Rules: - Toolkit names must match registered toolkit names (case-sensitive) - Each toolkit section is independent - Section order doesn't matter - Sections are optional (only include what you need)


Section Types

Config Section

Purpose: Set toolkit configuration via toolkit.setConfig(**configDict)

Schema:

{
    "<ToolkitName>": {
        "Config": {
            "<key1>": "<value1>",
            "<key2>": 42,
            "<key3>": {
                "nested": "config"
            }
        }
    }
}

Handler: _handle_Config → Calls toolkit.setConfig(**configDict)

Example:

{
    "GIS_Raster_Topography": {
        "Config": {
            "defaultSRTM": "SRTMGL1",
            "defaultCRS": 4326
        }
    }
}


DataSource Section

Purpose: Register versioned datasources accessible via toolkit.getDataSourceData()

Schema:

{
    "<ToolkitName>": {
        "DataSource": {
            "<datasourceName>": {
                "isRelativePath": "True" | "False" | true | false,
                "item": {
                    "resource": "<path or value>",
                    "dataFormat": "<format constant>",
                    "version": [<major>, <minor>, <patch>],
                    "desc": {
                        "<key>": "<value>",
                        ...
                    },
                    "overwrite": true | false  // Optional, default: false
                }
            }
        }
    }
}

Handler: _handle_DataSource → Calls toolkit.addDataSource(...)

Required Fields: - resource — Path to data file or inline value - dataFormat — One of the datatypes constants (e.g., "parquet", "geopandas")

Optional Fields: - version — Version tuple [major, minor, patch] (default: [0, 0, 1]) - desc — Metadata dictionary (default: {}) - overwrite — Overwrite existing datasource (default: false)

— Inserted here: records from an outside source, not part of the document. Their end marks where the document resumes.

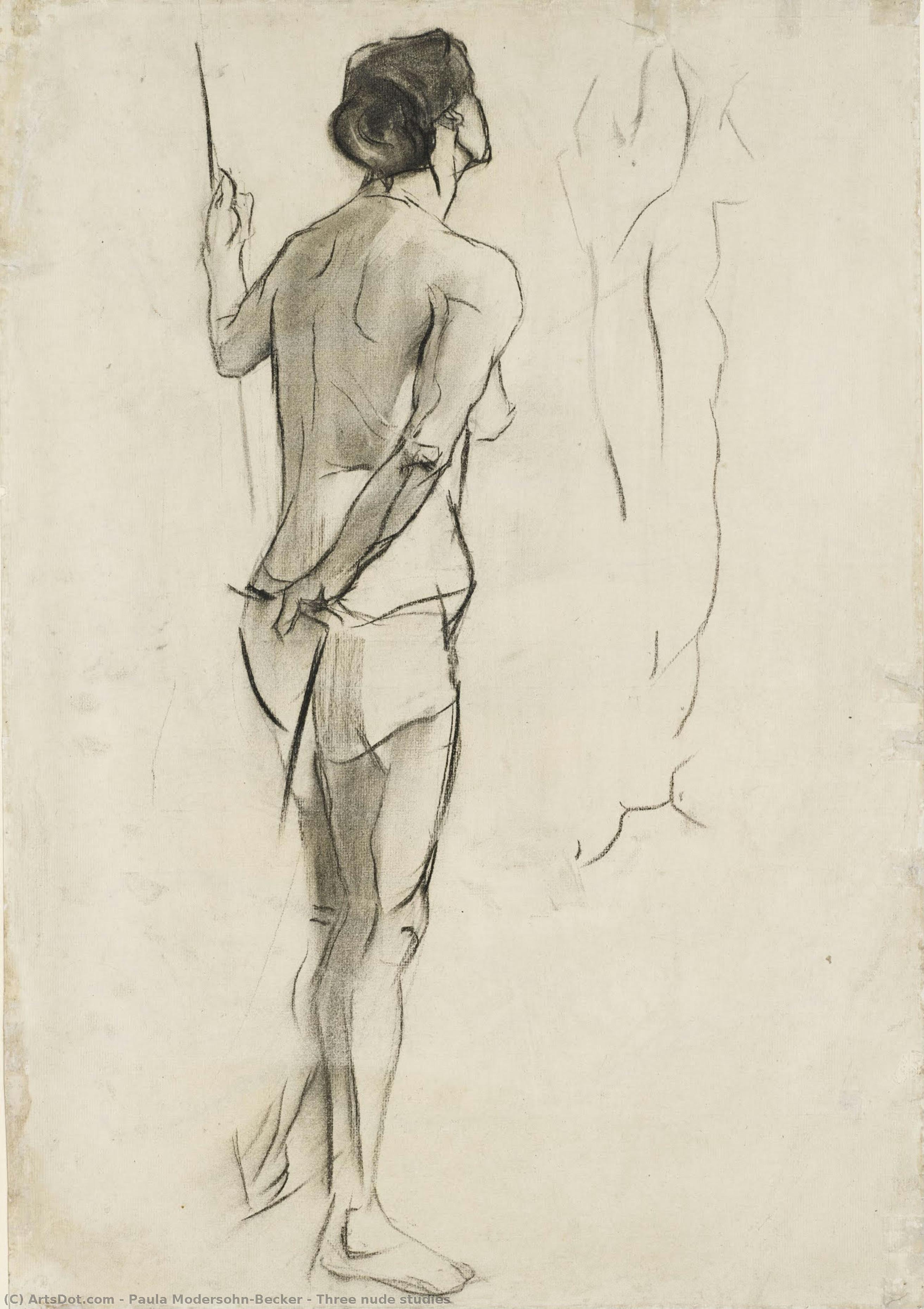 Three Nude Studies — Paula Modersohn-becker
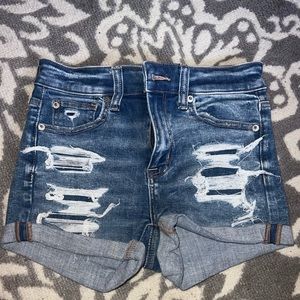 American Eagle Next Level Stretch Hi-Rise shortie size 0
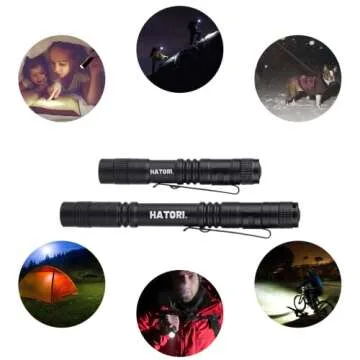 HATORI LED Mini Flashlight - Compact Tactical Light Perfect for Outdoors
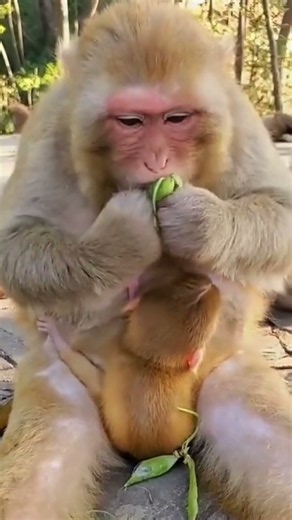 Sick female monkey,?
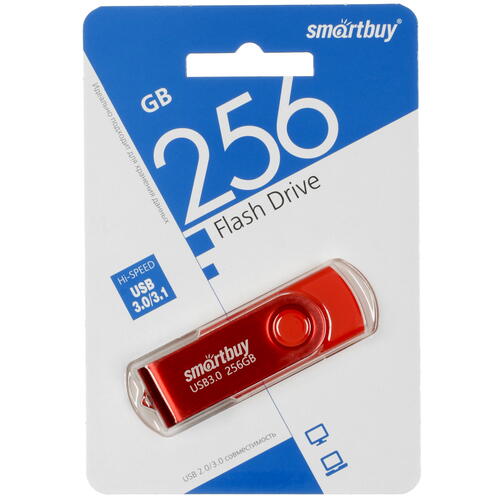 Купить Память USB Flash 256 ГБ Smartbuy Twist [SB256GB3TWR]  9954206. Характеристики, отзывы и цены в Донецке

Path Resolution: - If isRelativePath is "True" or true: resource is resolved relative to repository JSON directory - If isRelativePath is "False" or false: resource is used as absolute path

Example:

{
    "MeteoLowFreq": {
        "DataSource": {
            "YAVNEEL": {
                "isRelativePath": "True",
                "item": {
                    "resource": "measurements/YAVNEEL.parquet",
                    "dataFormat": "parquet",
                    "version": [0, 0, 1],
                    "desc": {
                        "stationName": "YAVNEEL",
                        "latitude": 31.7683,
                        "longitude": 35.2137
                    }
                }
            }
        }
    }
}


Measurements Section

Purpose: Add raw measurement documents to the Measurements collection

Schema:

{
    "<ToolkitName>": {
        "Measurements": {
            "<documentName>": {
                "isRelativePath": "True" | "False" | true | false,
                "item": {
                    "resource": "<path or value>",
                    "dataFormat": "<format constant>",
                    "type": "<document type>",
                    "desc": {
                        "<key>": "<value>",
                        ...
                    }
                }
            }
        }
    }
}

Handler: _DocumentHandler → Calls toolkit.addMeasurementsDocument(...)

Required Fields: - resource — Path to data file or inline value - dataFormat — Format constant - type — Application-defined document type (e.g., "Experiment_rawData")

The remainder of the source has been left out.